New Method Reduces Computational Cost of Simultaneous Speech Translation

Researchers propose hierarchical policy optimization to improve simultaneous speech translation (SST) efficiency. The method leverages LLM KV cache reuse, reducing computational overhead without requiring extensive dialogue annotations.

Researchers have introduced a novel approach to simultaneous speech translation (SST) that significantly reduces computational costs. The method, detailed in a new arXiv paper, reformulates SST as a multi-turn dialogue task, allowing for full reuse of the LLM's key-value (KV) cache. This eliminates redundant feature recomputation, a major bottleneck in current SST systems.

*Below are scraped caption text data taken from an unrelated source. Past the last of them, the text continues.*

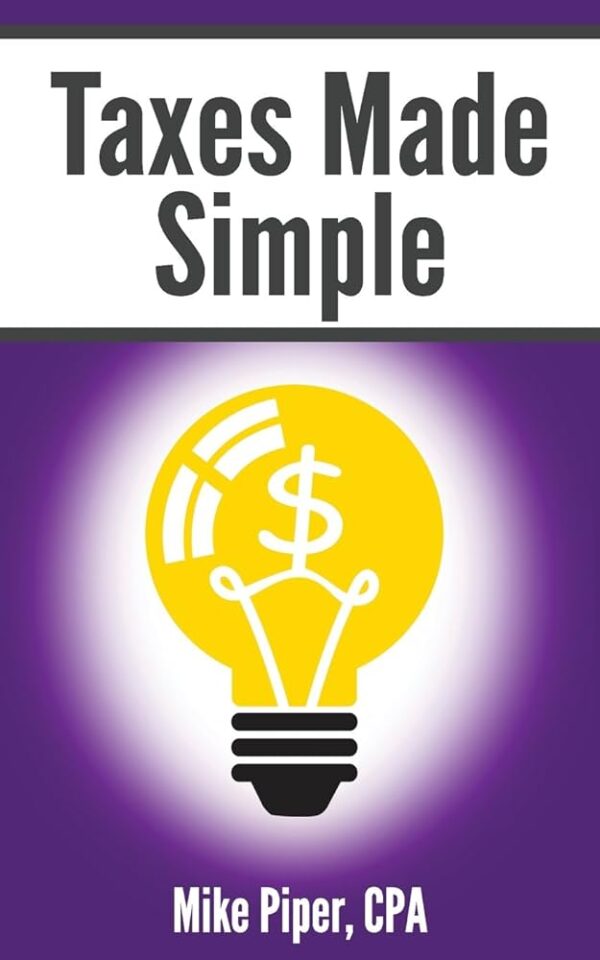 Bill better loss simple tax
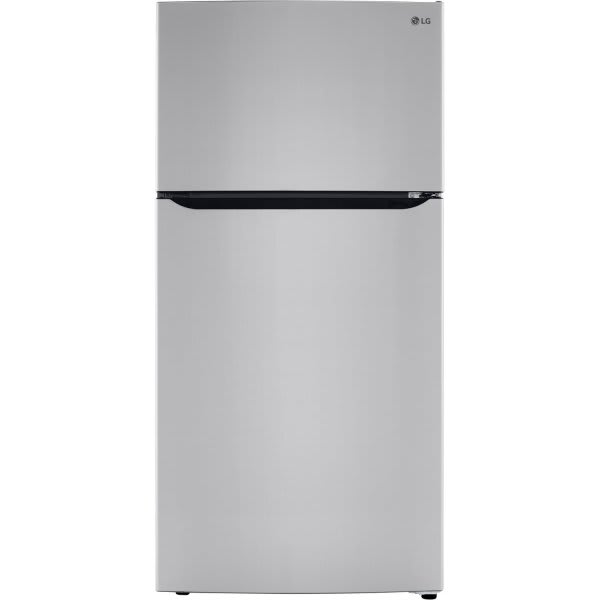 Danby 10.1 cu. ft. Top Freezer Refrigerator In White Counter Depth HD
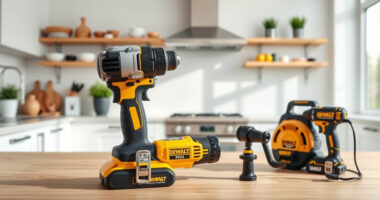 Dewalt Saw Blades: Compatibility & Buying Tips for Your Projects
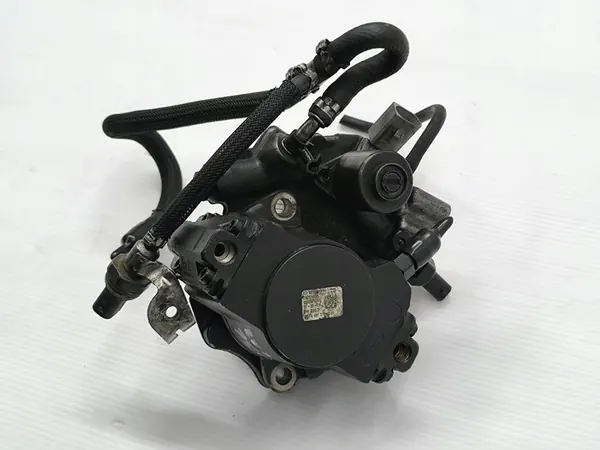 Brandstofinjectiepomp Mercedes 2.2 CDI image 5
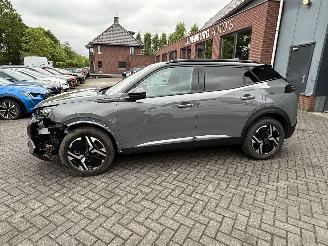 Peugeot 2008 1.2 Hybrid 136 GT AUTOMAAT  (SUV 5-dr.) picture 2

The innovation addresses a critical challenge in SST: balancing quality and efficiency. While large language models (LLMs) have improved translation quality, they come with high computational overhead. The proposed hierarchical policy optimization technique mitigates this by leveraging the LLM's existing capabilities more effectively. Notably, it doesn't require extensive supervised fine-tuning (SFT) data in dialogue form, which is scarce.

This development could accelerate real-time translation applications, from international conferences to customer service. The method's ability to reuse KV caches suggests broader implications for other tasks involving LLMs. However, the lack of extensive dialogue annotations remains a limitation, and future work may explore synthetic data generation to overcome this hurdle.